How can this be, you ask?  Isn't the Electoral College specified in the Constitution under Article II, Section 1, Clause 2?  (I know, you didn't have a clue how the Electoral College came about.  Fortunately for you, I carry a leather-covered pocket edition of this document with me at all times.)  In fact this bit of the Constitution does address how many Electors each state gets, and allows each state legislature to decide how they are chosen.  There are subsequent entries in the 12th and 23rd Amendment covering other aspects of the College.  How those Electors vote after a national election is held however, is something entirely different.

Electors are in fact free to vote for anyone eligible to be President.  Traditionally, Electors vote in proportion to the popular vote of their respective states or for the winner of their respective electoral district (at least on the first ballot).  The idea that the Founders proposed with the formation of the Electoral College was much in keeping with their thinking behind the bicameral legislature created in the same document.  By using the Electoral College as a buffer, they hoped to provide some form of balance between the more populous larger states and smaller ones.  Using the electoral system has allowed swing states like Ohio (20 electors) or Michigan (17 electors) to play at least as much a role as Florida (27 electors), Texas (34 electors), or California (55 electors)(The fact that none of these states existed at the time that the Constitution was written speaks volumes as to the wisdom of their decision and the Founders ability to deal with future eventualities.) 

Of course the interstate compact now signed by Governor Brown we are told, "would take effect only if states controlling a majority of the nation's electoral votes agree."  I guess that this would make this the a 'pile on the winner' law allowing the votes of other states to influence the electoral vote of CA. Eight states and the District of Columbia have now signed on to this potential compact, an agreement which the article goes on to point out now encompasses "almost half of the electoral votes proponents need".  Certainly this legislation has the potential to create more direct ties to the popular vote ( which is a good thing if you're a state with a population the size of California's).

Now there have been calls to do away with the Electoral College before, most recently after the election of 2000, when George W Bush failed to gain a plurality of the popular vote.  Opponents of the Electoral College claimed that election results like that of 2000 subvert the democratic process and fail to provide a true popular mandate for an elected leader (though it must be admitted that they did at least provide us protection against a potential President Al Gore).  What they fail to point out or perhaps even recognize, is that while we do have the popular vote, the United States is not and never has been a Democracy, but a Representative Republic.

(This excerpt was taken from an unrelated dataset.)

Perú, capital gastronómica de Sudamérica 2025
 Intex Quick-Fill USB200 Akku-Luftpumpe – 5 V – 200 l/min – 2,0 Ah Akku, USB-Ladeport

The Electoral College was just another in a series of well-thought-out concepts to protect the minority rights in this country from being trampled the 'will of the mob'. (Something that this measure might be overlooking, if not actively subverting.)

California's interest in throwing its 55 vote weight around should be of no surprise to anyone, as they have long felt slighted by the national voting process.  Having their polls closing 3 hours after those of the East Coast and with election coverage by 24-hour news networks calling states while CA is still voting has sometimes caused this bastion of the progressive thinking to find itself extraneous to the decision-making process.  

It's interesting however that these so-called Defenders of Democracy see this as progress towards portraying the will of the people.  If this legislation is followed through on, it would in fact allow California to, "award the state's electoral votes to the candidate winning the most votes nationwide, regardless of which candidate California voters choose".  One might think it a rather curious contradiction that California and it co-signers would seek to extol the value and virtues of true democracy by potentially subverting the will of the popular vote in their states.